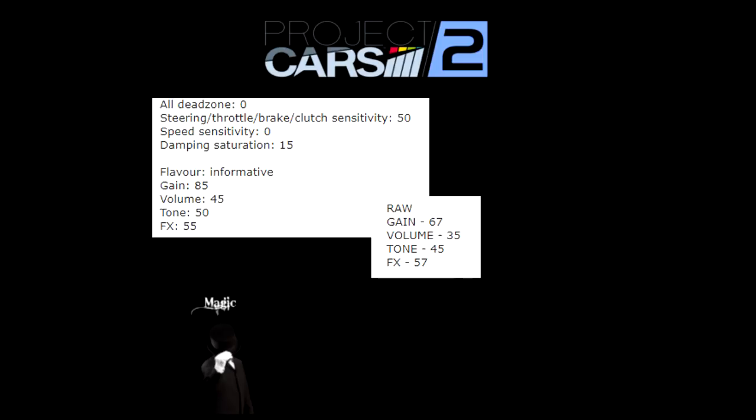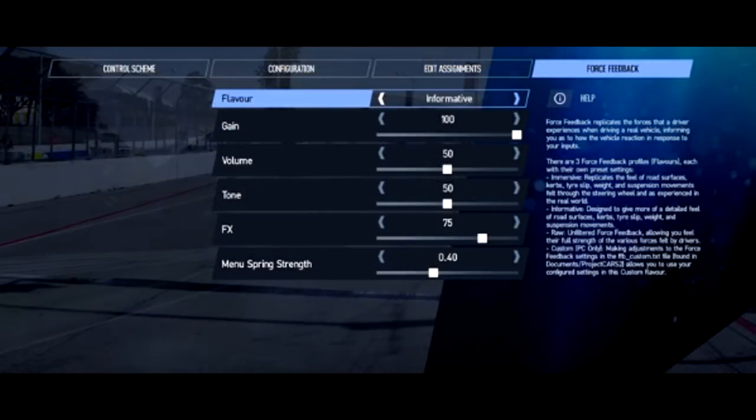The flavor we're using is informative for the most part with these settings. But with your baseline that we already established, if you want to use raw, you can use raw. Generally, in my opinion, informative flavor is what you want. And here are the settings for that — you can tweak as much as you want. These are setups I've scoured from quite a few forums, and the feedback on these settings was positive — a couple people were like 'yeah, that worked great for me, thank you.' So these do work.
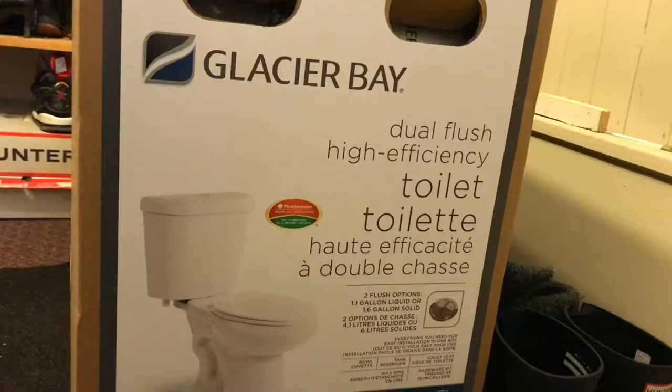This is our old toilet and we are gonna install this new one. This is the Glacier Bay toilet unboxing.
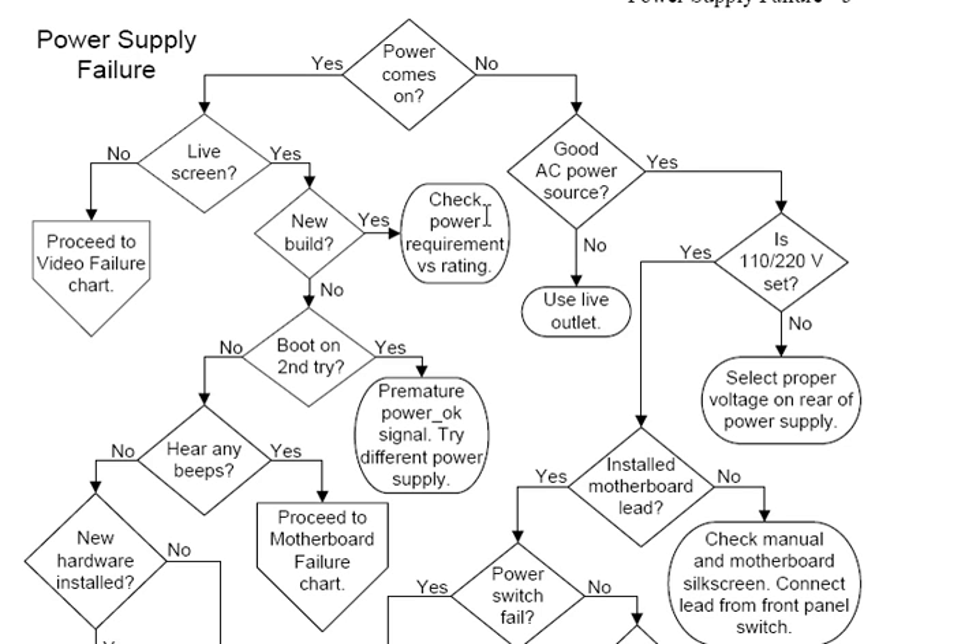Jumping right in, the obvious first question with a power supply failure is: does power come on or not? If no, the power doesn't come on, the first thing to check is whether or not you have a good AC power source.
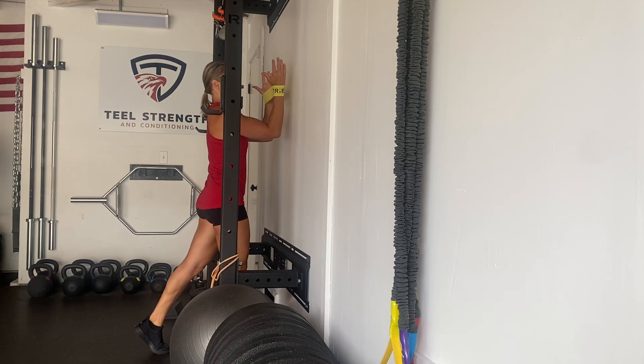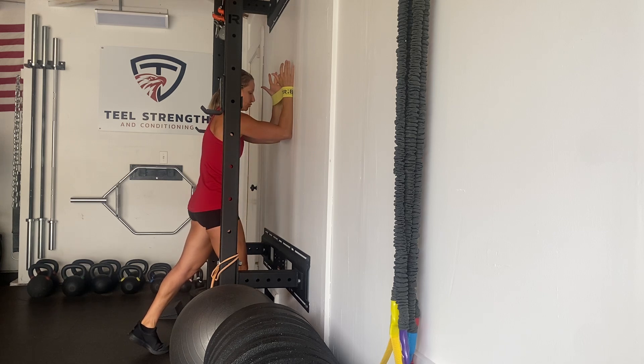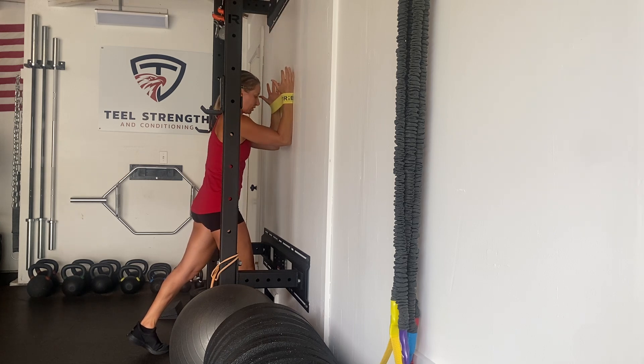For our banded wall slides, we're going to have a band around our wrists. Start by pushing into the wall, protracting or spreading your shoulder blades, and have tension on the band so that your wrists are in line with or just outside your elbows. Maintain that position as you slide up the wall as far as you can go without aggressively shrugging, then come back down to start.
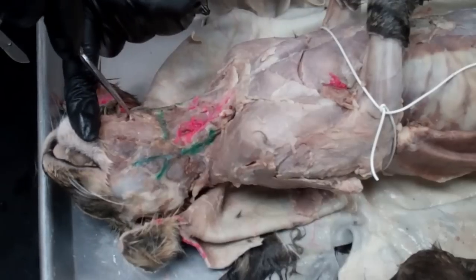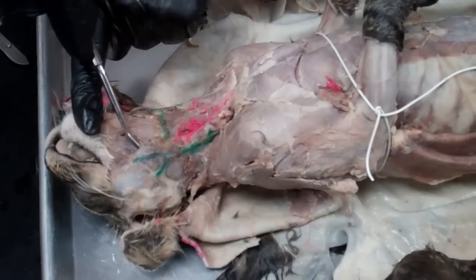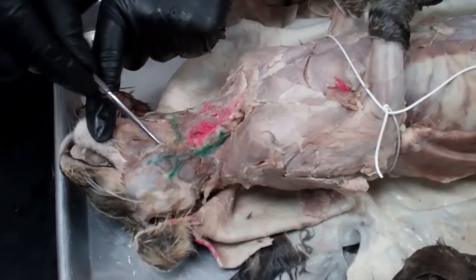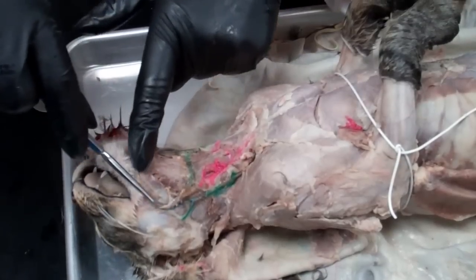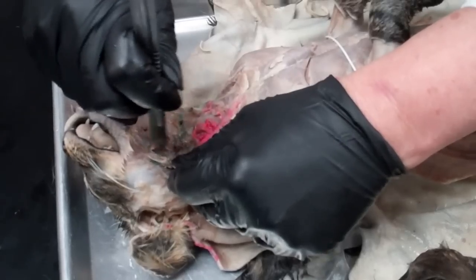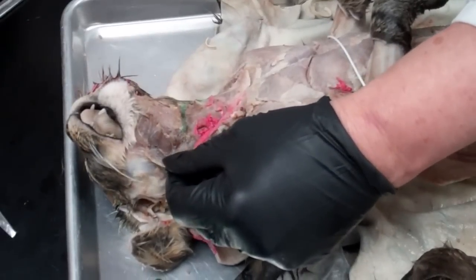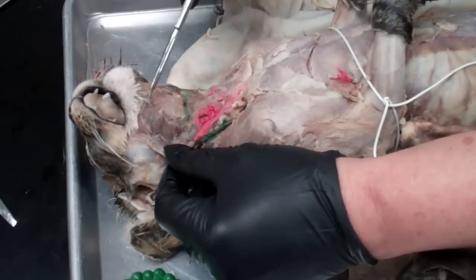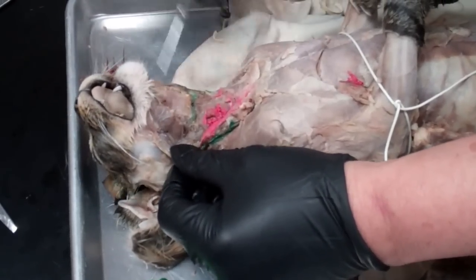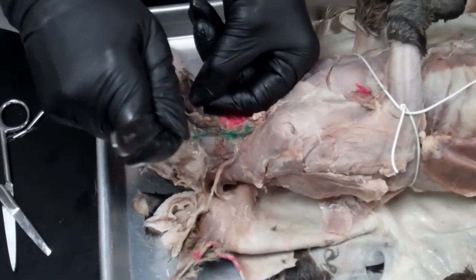On either side of the myelohyoid, you're going to find a diagonal muscle called the digastric muscle. The digastric muscle goes underneath the lymph nodes that you found. It runs diagonally, so you have to lift up the lymph nodes a little bit and pull them back out of the way. When you do that, you should be able to see this diagonal muscle. You'll want to get underneath that muscle and separate it from the others.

### PROBLEM DESCRIPTION
Your copy must repeat the data word for word and show none of its images.

### ANSWER SPACE
The flavor we're using is informative for the most part with these settings. But with your baseline that we already established, if you want to use raw, you can use raw. Generally, in my opinion, informative flavor is what you want. And here are the settings for that — you can tweak as much as you want. These are setups I've scoured from quite a few forums, and the feedback on these settings was positive — a couple people were like 'yeah, that worked great for me, thank you.' So these do work.
This is our old toilet and we are gonna install this new one. This is the Glacier Bay toilet unboxing.
Jumping right in, the obvious first question with a power supply failure is: does power come on or not? If no, the power doesn't come on, the first thing to check is whether or not you have a good AC power source.
For our banded wall slides, we're going to have a band around our wrists. Start by pushing into the wall, protracting or spreading your shoulder blades, and have tension on the band so that your wrists are in line with or just outside your elbows. Maintain that position as you slide up the wall as far as you can go without aggressively shrugging, then come back down to start.
On either side of the myelohyoid, you're going to find a diagonal muscle called the digastric muscle. The digastric muscle goes underneath the lymph nodes that you found. It runs diagonally, so you have to lift up the lymph nodes a little bit and pull them back out of the way. When you do that, you should be able to see this diagonal muscle. You'll want to get underneath that muscle and separate it from the others.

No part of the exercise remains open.